Лабиринт Ариадны (СИ) - Хаан Ашира
— Как тебя зовут? — зачем-то спрашиваю я.
— Не скажу.
— Почему?
— Хочу, чтобы ты вернулась хотя бы из любопытства.
Это уже какая-то другая сказка. Про красавицу и чудовище?
Ладонь соскальзывает с моей талии, и я понимаю это как — «быстро!»
Бегом!
В холл, к лифту, по лестнице, по коридору, к номеру. Скинуть вещи прямо на пол — в душ!
Ойкая, брею ноги под колкими теплыми струями, выскакиваю, заливая водой ковры на полу, раскидываю вещи из чемодана в поисках чего-нибудь кружевного.
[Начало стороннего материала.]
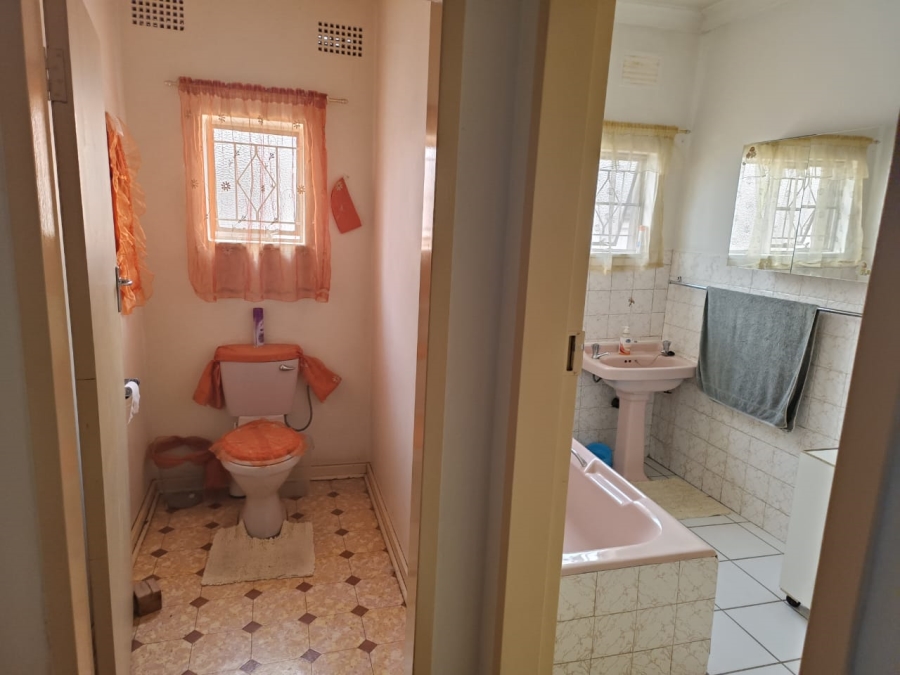 To Let 3 Bedroom Property for Rent in Oos Einde North West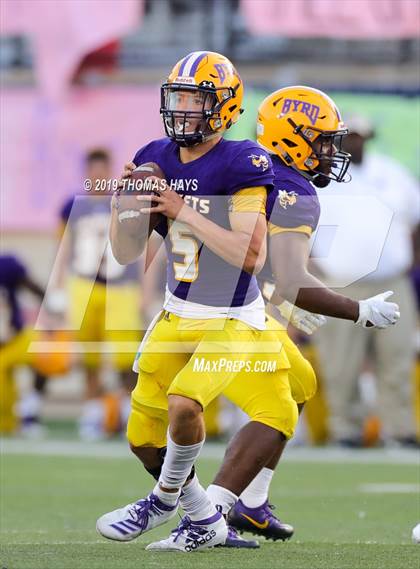 Thumbnail 1 in Byrd vs. West Monroe (Battle on the Border) photogallery.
Нет, под платье я брала утягивающие, я не хочу…
Нет, наоборот!
Я хочу!
Хочу, чтобы этот вечер закончился тем, что я узнаю, каковы на вкус его спелые сочные губы.
И не только губы.
Мамочки!
Платье ждет на вешалке, льнет к чуть влажной после душа коже. Сережки в уши, тушь по ресницам, острые золотистые шпильки с тонкими ремешками.
Золотистый клатч, поколебавшись — в него презервативы и ключ-карту от номера.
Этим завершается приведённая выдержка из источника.